Assigned task – The answer must be every line below that contains the string "Bathroom".

==========

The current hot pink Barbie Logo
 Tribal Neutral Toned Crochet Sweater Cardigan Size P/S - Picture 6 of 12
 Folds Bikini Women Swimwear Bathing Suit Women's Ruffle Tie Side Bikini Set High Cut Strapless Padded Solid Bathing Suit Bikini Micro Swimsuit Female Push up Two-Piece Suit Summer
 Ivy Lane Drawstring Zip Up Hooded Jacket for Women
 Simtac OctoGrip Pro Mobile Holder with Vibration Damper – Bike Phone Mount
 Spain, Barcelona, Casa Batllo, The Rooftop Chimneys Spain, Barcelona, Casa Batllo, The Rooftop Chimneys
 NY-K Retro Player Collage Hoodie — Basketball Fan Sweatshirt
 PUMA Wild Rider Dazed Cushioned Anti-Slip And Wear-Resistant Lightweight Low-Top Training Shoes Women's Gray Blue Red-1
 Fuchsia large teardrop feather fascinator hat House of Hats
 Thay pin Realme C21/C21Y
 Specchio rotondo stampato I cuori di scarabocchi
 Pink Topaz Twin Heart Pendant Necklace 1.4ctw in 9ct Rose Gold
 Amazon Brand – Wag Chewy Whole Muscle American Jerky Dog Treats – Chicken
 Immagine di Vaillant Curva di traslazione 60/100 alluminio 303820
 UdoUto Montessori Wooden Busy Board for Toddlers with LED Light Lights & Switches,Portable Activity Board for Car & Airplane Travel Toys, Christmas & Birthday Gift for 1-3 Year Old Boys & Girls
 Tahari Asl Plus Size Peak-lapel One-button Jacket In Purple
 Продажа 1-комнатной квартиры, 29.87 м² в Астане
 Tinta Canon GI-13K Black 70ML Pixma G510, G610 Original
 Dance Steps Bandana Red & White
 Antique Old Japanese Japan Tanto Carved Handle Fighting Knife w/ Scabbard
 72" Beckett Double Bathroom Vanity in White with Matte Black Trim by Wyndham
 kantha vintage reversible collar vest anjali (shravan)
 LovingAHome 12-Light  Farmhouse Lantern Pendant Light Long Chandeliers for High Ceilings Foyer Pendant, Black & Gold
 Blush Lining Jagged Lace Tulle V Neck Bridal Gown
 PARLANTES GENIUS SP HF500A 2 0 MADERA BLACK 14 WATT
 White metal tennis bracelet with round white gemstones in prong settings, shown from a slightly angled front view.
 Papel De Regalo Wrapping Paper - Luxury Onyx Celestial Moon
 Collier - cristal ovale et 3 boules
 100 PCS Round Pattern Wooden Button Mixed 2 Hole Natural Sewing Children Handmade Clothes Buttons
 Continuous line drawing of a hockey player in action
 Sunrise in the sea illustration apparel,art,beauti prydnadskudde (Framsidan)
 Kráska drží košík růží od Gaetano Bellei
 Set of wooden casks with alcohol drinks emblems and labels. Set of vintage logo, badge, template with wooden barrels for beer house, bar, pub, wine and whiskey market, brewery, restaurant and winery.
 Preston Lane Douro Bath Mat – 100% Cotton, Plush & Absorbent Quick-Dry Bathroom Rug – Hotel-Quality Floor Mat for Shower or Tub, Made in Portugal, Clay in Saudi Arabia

==========

Response to this exercise –
 72" Beckett Double Bathroom Vanity in White with Matte Black Trim by Wyndham
 Preston Lane Douro Bath Mat – 100% Cotton, Plush & Absorbent Quick-Dry Bathroom Rug – Hotel-Quality Floor Mat for Shower or Tub, Made in Portugal, Clay in Saudi Arabia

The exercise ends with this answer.